# Question for an electrician

#### Tailgate

##### Thinks s/he gets paid by the post
New electric fireplace coming. Plugging into an outlet with a 20 amp breaker. There are already about 500 watts on this circuit, tv, sound bar, lights, fan. The fireplace (Orion Traditional 30") shows 1465 watts. Rounded up to 2,000 total, calculates a total of 16.7 amps or 83% of the 20 amps with everything on. Comes in right at code. My math says I should be fine but is there something I'm missing? Don't want to make a mistake or have to dedicate a new circuit to it. Thumbs up or thumbs down?
Many thanks for an answer. Cheers.

I'm not an electrician, but when I built my shop I put in a small electric water heater (few gallons) for the bathroom sink. IIRC, my electrician pointed out that it was ~82-83% of circuit load and wasn't suppose to be over 80% to meet code. He was OK with it (as was I) and it has never tripped the breaker to date.

You will be fine. So, the question to you, are going to be having everything running on the 20A breaker at one time.

I would see if it is feasible to run another circuit to the location. Your load would be 83% of capacity and NEC calls for 80% max load which is even more important with a constant load such as the heater which will possibly be run unattended at times. At least look into offloading some of the load to a nearby existing circuit if possible. You can test the entire load out on a kill-a-watt meter to see what the actual load would be with everything in use.

I would first check to see if the existing circuit has #12 wire. If not, run a new circuit with #12 wire and 20 amp breaker just for the fireplace. If the existing circuit is #12 wire, you’re probably ok, but I’d still look into moving the tv, sound bar and whatever else to a different circuit.
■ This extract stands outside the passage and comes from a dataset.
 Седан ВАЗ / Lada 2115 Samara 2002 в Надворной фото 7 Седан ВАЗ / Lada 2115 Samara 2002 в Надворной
I would first check to see if the existing circuit has #12 wire. If not, run a new circuit with #12 wire and 20 amp breaker just for the fireplace. If the existing circuit is #12 wire, you’re probably ok, but I’d still look into moving the tv, sound bar and whatever else to a different circuit.
+1 Many house circuits are actually 15 amps, and not 20 amps, so double checking is a good idea.

New electric fireplace coming. Plugging into an outlet with a 20 amp breaker. There are already about 500 watts on this circuit, tv, sound bar, lights, fan.

What kind of lights are in the circuit? I ask because most TV's are less than 120 watts, the soundbar is likely less than 5 watts, and a fan can't be very much either.

How do you get 500 watts usage with these items?

I have an electric fireplace housed in a cabinet with the TV and sound bar sitting on the top. We have been using them for about 8 years on a 20 amp service. It has been working without any issues so far but I'm not an electrician.

Last time I read through the NEC, I seem to recall that 80% referring to permanently installed loads, hardwired in other words.

Plug-in devices can go beyond 80% just fine. The breaker will trip if you draw excess current...

Last time I read through the NEC, I seem to recall that 80% referring to permanently installed loads, hardwired in other words.

Plug-in devices can go beyond 80% just fine. The breaker will trip if you draw excess current...
Green Acres time.

If it's feasible I would run a separate circuit for a big load like this just on general principles. But I do my own work, so the cost would be minimal.

I would see if it is feasible to run another circuit to the location. Your load would be 83% of capacity and NEC calls for 80% max load which is even more important with a constant load such as the heater which will possibly be run unattended at times. At least look into offloading some of the load to a nearby existing circuit if possible. You can test the entire load out on a kill-a-watt meter to see what the actual load would be with everything in use.
Nailed it. The extra 20% is for a very temporary surge such as a dehumidifier more starting up, not a continuous draw. That fireplace needs its own circuit.

Assume the standard 120 volts AC. 1,465 watts divided by 120 volts AC = 12.2 amps.

12.2 amps divided by a standard 15 amp house circuit = 81.2 amps. That close to the 80% is not a coincidence; it's a design decision.

Last time I read through the NEC, I seem to recall that 80% referring to permanently installed loads, hardwired in other words.

Plug-in devices can go beyond 80% just fine. The breaker will trip if you draw excess current...
First off you hope the breaker will trip. You do need to confirm the wire size as it is common for people to put in a 20 amp breaker on a circuit wired for 15.

Finally you need to consider how many outlets might be on that circuit that you don’t know about but there are testers that can show you.. if you might accidentally overload the circuit with a vacuum cleaner, space heater or a bunch of electronics in the future if you didn’t realize there are 8 outlets on the same wire….

When we had a fireplace blower put in (wood fireplace already, just added blower, not an electric fireplace) we put in separate circuit with it's own dedicated fuse. County required that.
We were finishing basement; it fully met code.